Queenstown was born out of New Zealand’s Gold Rush.   It has relatively easy access to the river, lake and most of the region.  Driving from Dunedin is quite quick but there are many stops you can take if you so choose.  We even went panning for gold at an old gold rush operation.  Yes, it’s a tourist trap, but a fun and educational one.  Tourism took over later here than in the US, so the charm of Queenstown has been carefully scripted as you will see when you take a quick tour of the little town.  There are a few old buildings which are in use as public spaces and restaurants, but the Queenstown you see today is mostly new.  A plethora of shoppes and restaurants await, not to mention excellent day spas and alternative health care for your ailing body.  Be sure to book ahead and make your appointments for body repair immediately after you’ve gone out and done your worst to it.

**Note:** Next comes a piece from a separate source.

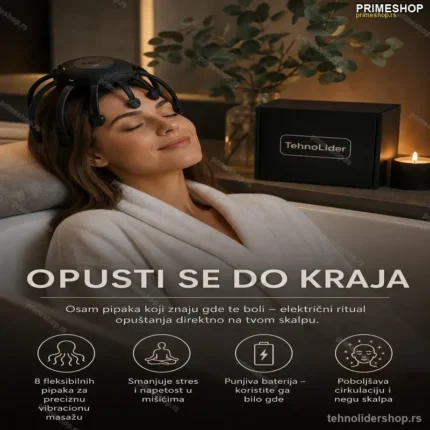 Električni Masažer za Glavu Octopus – 8 Fleksibilnih Pipaka za Opuštanje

Certainly one of the main attractions to Queenstown is the fact that it has a dual dichotomy.  It has both the extreme and the serene.  It was a lovely walk along the crystal blue lake just made us wish we were better painters and photographers so that we could do nature justice.  Hot summer days repeatedly turned our minds to the turquoise waters of the lake.  The mercury rising made those shimmering waters look oh so inviting, until we thoughtfully reminded ourselves that it’s colder, much, much colder than we could ever want it to be.  So, if you are adventurous, impervious to cold, (AKA: are a superhero), or are willing to don a drysuit, surely there is a fun time to be had by all!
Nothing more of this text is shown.